Allah berfirman: “Orang-orang yang dzalim tidak memiliki teman setia seorangpun dan tidak (pula) mempunyai seorang pemberi syafaat yang diterima syafaatnya.” (QS. Ghafir/Al Mu’min: 18)
Yang dimaksud dengan orang dzalim di sini adalah orang kafir, dengan dalil hadits mutawatir tentang adanya syafaat bagi pelaku dosa besar.
Al-Baihaqi menjelaskan: “Orang-orang dzalim yang dimaksud di sini adalah ORANG-ORANG KAFIR. Dan hal ini dikuatkan oleh awal ayat yang menjelaskan tentang orang kafir.” (Syu’abul Iman 1/205)
Berikut awal ayat tersebut:
“Dan demikianlah telah pasti berlaku ketetapan adzab Tuhanmu terhadap orang-orang kafir, karena sesungguhnya mereka adalah penghuni neraka.” (QS. Ghafir/Al Mu’min: 6)
“Yang demikian itu adalah karena kamu kafir apabila Allah saja disembah.
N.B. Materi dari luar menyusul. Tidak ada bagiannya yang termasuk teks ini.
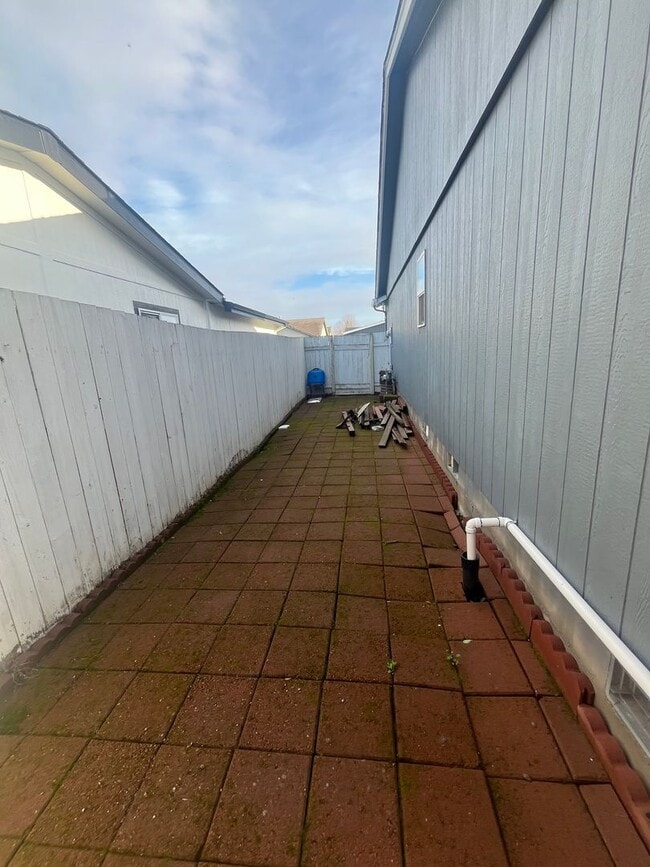 Building Photo - Bright & Updated 3-Bed, 2-Bath Home with Private Fenced Yard – No Rear Neighbors!!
Dan kamu percaya apabila Allah dipersekutukan.” (QS. Ghafir/Al Mu’min: 12)
Adapun dalam Al Qur’an sendiri sebenarnya juga banyak dalil tentang adanya syafaat dengan syarat setelah mendapat izin dari Allah dan kepada orang yang diridhai oleh Allah.
“Tiada seorangpun yang akan memberi syafa'at kecuali sesudah ada IZIN-Nya.” (QS. Yunus : 3)
“Pada hari itu tidak berguna syafa'at, kecuali (syafa'at) orang yang Allah Maha Pemurah telah memberi IZIN kepadanya, dan Dia telah meridhai perkataannya.” (QS. Thaha : 109)
“…Dan mereka tiada memberi syafaat melainkan kepada orang yang diridhai Allah…” (QS. Al-Anbiya’ : 28)
“Dan berapa banyaknya malaikat di langit, syafaat mereka sedikitpun tidak berguna, kecuali sesudah Allah MENGIZINKAN bagi orang yang dikehendaki dan diridhai (Nya).” (QS. An-Najm : 26)
“Dan sembahan-sembahan yang mereka sembah selain Allah tidak dapat memberi syafa'at, kecuali (orang yang dapat memberi syafa'at ialah) orang yang mengakui yang hak (tauhid) dan mereka meyakini(nya).” (QS. Az-Zukhruf : 86)
Sahabat Ibnu Abbas radhiyallahu ‘anhu berkata: “Orang yang Allah ridhai perkataannya, yaitu orang yang mengucapkan Laa ilaaha illallaah. Dengan kata lain, Allah tidak akan memberikan syafaat kepada SELAIN MUKMIN.” (Tafsir Al Baghawi III/195 Cet. Daar Al Kutub Al Ilmiyyah)
Hal ini sesuai dengan hadits Nabi berikut ini.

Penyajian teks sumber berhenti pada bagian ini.